Victor Wembanyama has grown a little. Or not, depending on perspective.
The official height for the No. 1 pick in this year’s draft, the San Antonio Spurs said Wednesday, is 7 feet, 3½ inches — and that was measured without shoes, per NBA guidelines.
That’s a half-inch taller than Wembanyama said he was in October, when he was in Las Vegas for two exhibition games. (His official height then was 2.21 meters, he said, and he’s now nearly 2.23 meters.) Which makes sense, given that he was 18 then, has turned 19 since and it’s reasonable to think he might still have a bit of growing left.
He has been listed by various sites as anywhere between 7-foot-2 and 7-foot-5, in part because of how he towers over other 7-footers when photographed standing with them. The NBA listed him at 7-4 in the league’s guide for last week’s draft, but that was not based off any official measurement.
The 7-3½ figure puts Wembanyama on pace to be the NBA’s second-tallest player this coming season. Officially, the NBA listed Boban Marjanovic at 7-4 this past season, making him the league’s tallest player. Kristaps Porzingis, who played for the Washington Wizards and has since been traded to the Boston Celtics, was listed at 7-3.

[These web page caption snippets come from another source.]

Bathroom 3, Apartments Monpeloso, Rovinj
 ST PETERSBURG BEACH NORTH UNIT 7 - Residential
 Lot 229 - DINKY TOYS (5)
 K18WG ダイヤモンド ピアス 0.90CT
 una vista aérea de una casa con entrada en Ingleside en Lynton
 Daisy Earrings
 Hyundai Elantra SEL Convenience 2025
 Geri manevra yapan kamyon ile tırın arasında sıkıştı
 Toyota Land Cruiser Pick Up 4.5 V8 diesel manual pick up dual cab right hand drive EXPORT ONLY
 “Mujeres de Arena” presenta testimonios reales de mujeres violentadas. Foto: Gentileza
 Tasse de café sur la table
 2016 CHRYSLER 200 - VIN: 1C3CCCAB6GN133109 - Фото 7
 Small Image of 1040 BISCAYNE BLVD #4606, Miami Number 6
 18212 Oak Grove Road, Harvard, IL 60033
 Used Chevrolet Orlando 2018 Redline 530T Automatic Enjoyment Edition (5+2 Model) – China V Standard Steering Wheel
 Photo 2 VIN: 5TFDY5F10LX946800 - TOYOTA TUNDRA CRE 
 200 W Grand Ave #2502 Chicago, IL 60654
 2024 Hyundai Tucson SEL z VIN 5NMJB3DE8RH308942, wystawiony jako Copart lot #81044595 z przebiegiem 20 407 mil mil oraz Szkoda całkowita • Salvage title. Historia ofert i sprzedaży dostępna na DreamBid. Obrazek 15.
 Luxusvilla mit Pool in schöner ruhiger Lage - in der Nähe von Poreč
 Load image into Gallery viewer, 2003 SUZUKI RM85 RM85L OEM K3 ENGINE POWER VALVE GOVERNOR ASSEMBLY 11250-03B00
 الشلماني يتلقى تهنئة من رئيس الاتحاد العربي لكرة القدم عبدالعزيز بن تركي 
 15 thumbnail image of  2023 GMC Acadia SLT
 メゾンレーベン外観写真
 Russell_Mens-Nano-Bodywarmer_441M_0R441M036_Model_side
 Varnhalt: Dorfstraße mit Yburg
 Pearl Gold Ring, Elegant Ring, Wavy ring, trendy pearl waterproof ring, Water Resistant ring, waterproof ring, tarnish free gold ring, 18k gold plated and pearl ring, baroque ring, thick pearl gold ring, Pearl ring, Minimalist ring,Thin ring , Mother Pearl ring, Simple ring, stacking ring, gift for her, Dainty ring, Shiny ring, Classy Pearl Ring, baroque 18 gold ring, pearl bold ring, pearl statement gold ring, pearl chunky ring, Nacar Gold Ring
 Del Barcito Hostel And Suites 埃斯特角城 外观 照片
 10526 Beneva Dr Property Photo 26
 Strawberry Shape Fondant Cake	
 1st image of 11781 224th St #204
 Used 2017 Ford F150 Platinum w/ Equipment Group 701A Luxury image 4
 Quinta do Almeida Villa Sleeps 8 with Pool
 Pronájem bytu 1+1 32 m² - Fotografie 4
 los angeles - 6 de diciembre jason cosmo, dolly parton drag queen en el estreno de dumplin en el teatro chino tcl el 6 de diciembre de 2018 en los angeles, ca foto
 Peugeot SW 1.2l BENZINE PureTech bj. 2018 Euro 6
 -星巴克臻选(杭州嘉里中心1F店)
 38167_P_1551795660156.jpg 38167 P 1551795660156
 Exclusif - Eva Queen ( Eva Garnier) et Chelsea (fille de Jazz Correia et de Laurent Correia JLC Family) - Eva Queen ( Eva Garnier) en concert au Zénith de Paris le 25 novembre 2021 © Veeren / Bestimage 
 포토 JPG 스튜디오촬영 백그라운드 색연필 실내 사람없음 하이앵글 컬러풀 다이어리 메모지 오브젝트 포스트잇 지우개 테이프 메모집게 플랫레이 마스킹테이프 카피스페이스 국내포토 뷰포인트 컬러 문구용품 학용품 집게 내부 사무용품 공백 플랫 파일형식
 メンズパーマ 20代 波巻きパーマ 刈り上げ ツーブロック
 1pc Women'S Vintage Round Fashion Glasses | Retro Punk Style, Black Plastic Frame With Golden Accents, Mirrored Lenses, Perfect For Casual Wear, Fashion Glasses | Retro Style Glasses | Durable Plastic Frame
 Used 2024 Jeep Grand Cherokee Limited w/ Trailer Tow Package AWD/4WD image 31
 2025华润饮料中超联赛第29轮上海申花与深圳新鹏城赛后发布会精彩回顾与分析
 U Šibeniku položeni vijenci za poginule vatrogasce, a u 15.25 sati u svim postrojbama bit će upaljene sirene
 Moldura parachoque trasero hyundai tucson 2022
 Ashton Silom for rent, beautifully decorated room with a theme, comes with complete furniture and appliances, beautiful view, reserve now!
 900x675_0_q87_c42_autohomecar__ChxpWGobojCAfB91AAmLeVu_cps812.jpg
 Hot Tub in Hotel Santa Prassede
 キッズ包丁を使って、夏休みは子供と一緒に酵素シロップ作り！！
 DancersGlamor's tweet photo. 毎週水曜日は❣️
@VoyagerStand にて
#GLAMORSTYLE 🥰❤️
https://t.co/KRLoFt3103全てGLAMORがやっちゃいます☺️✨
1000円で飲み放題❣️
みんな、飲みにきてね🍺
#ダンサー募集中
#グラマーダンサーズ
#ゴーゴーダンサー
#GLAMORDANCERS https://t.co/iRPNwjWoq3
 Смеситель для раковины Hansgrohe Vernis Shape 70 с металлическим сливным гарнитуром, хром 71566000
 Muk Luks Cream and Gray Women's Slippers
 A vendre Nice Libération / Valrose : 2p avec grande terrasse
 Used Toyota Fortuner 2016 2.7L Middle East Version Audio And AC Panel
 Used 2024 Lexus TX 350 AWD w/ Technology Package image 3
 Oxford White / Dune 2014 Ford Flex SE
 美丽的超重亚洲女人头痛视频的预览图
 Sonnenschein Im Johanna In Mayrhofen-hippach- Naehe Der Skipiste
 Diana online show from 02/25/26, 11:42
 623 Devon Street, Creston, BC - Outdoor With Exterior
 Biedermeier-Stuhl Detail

Almost every player in the draft had his height measured by the NBA in recent weeks, most of them at the draft combine in Chicago in May. Wembanyama was not at the combine; his team in France still had its season going on at that time, so he couldn’t get to Chicago to be measured.
But when he arrived in San Antonio this past weekend, the Spurs got the official number.
Wembanyama would have been the tallest player at the combine as well, albeit barely. Purdue’s Zach Edey, the AP college basketball player of the year who decided to return to school, measured in at 7-3¼, the NBA said.
The NBA changed its policy before the 2019-20 season, requiring players to be measured without shoes for their official height. That led to a number of players “shrinking” an inch, although a handful of players — Kevin Durant, for example, who went from being listed at 6-9 to officially measuring 6-10 — actually got an inch taller on paper when their measurement was updated.